**WHAT IS REQUIRED:** Please output exactly the lines from the one containing "Farming: The time" through the end of the records below, leaving out any pictures.
== DATA FOR THIS EXERCISE
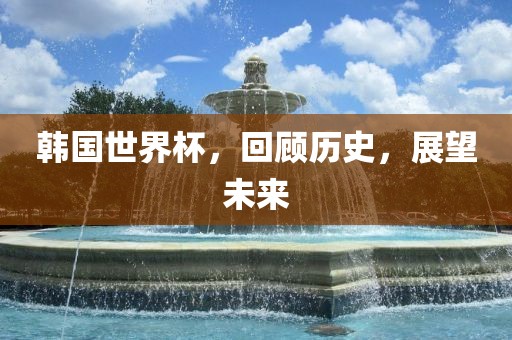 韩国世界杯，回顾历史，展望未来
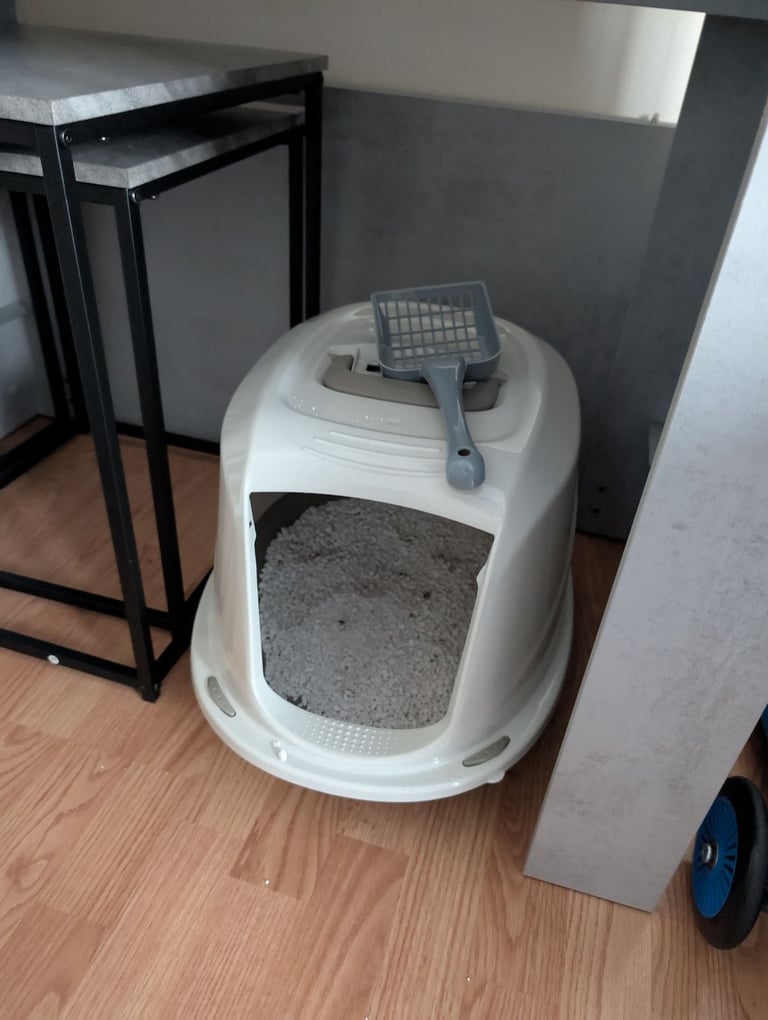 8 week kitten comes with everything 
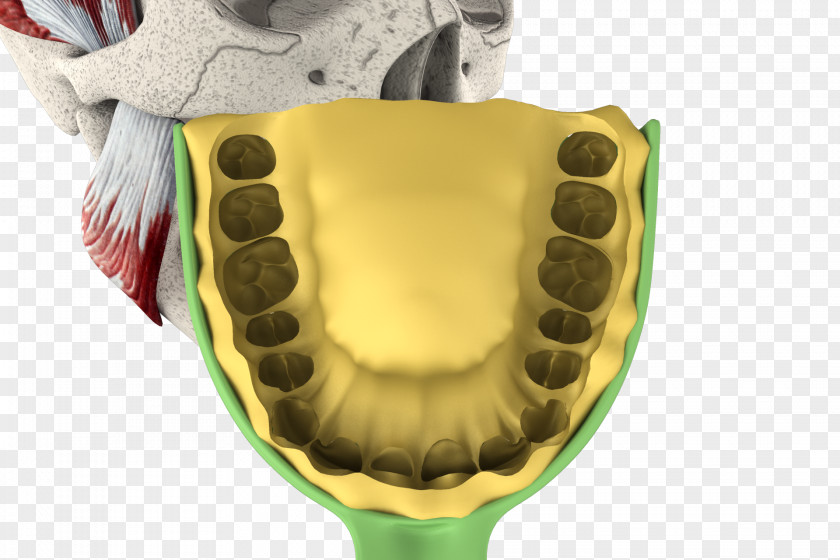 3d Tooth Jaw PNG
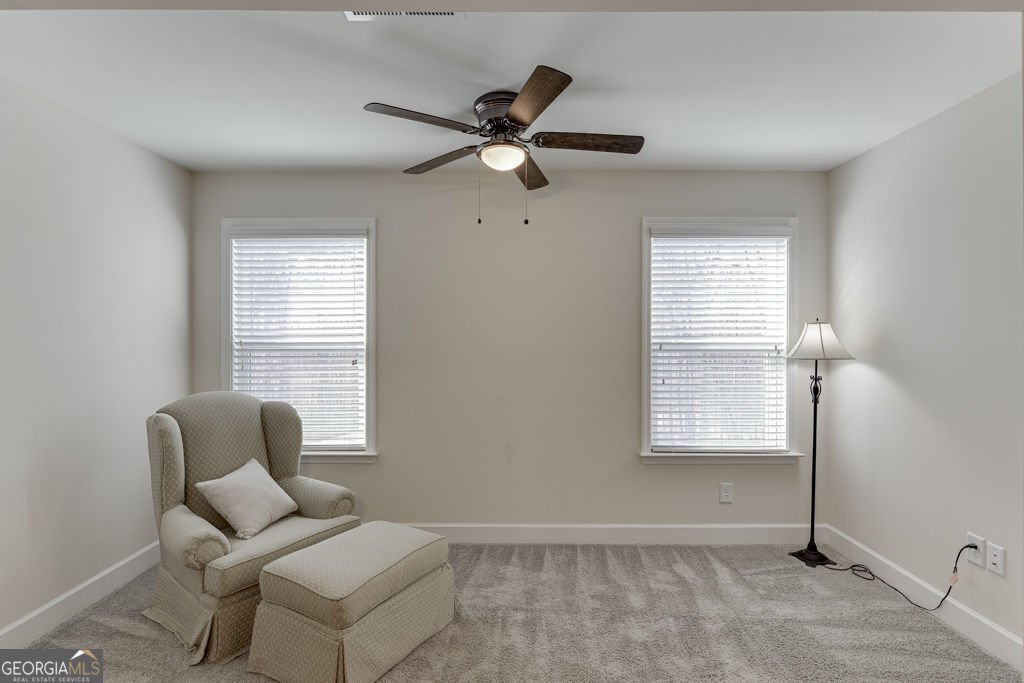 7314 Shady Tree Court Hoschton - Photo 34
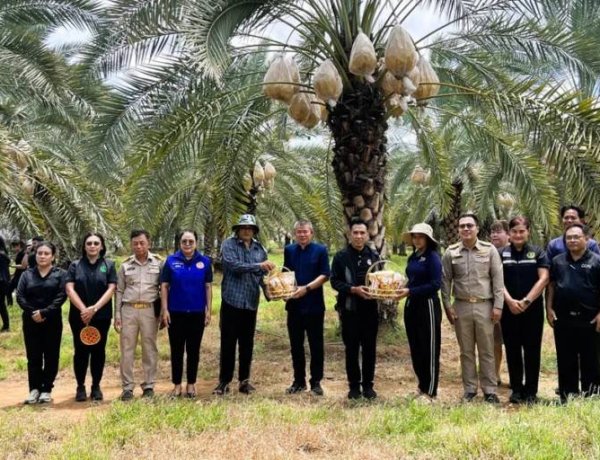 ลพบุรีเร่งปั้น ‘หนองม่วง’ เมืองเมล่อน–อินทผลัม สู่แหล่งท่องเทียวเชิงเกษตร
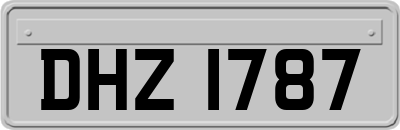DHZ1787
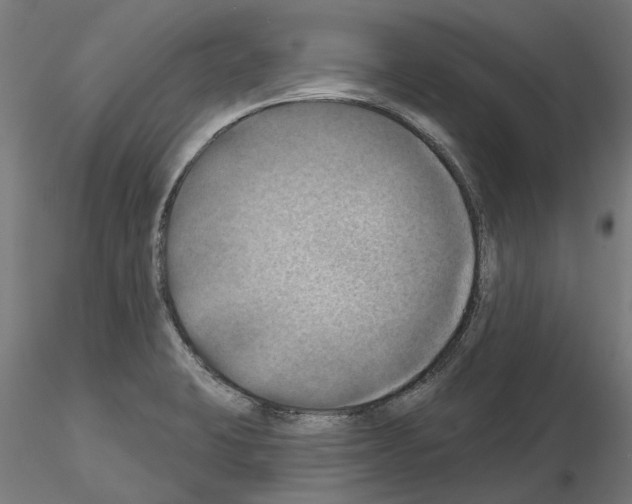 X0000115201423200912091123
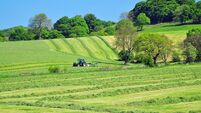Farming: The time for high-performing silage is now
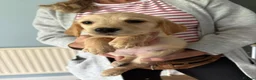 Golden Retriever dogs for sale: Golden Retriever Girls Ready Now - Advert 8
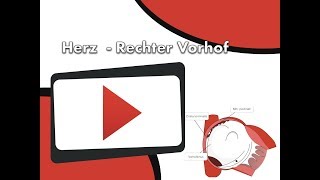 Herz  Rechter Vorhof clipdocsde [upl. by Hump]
====
**PROBLEM SOLUTION:**
Farming: The time for high-performing silage is now
 Golden Retriever dogs for sale: Golden Retriever Girls Ready Now - Advert 8
 Herz  Rechter Vorhof clipdocsde [upl. by Hump]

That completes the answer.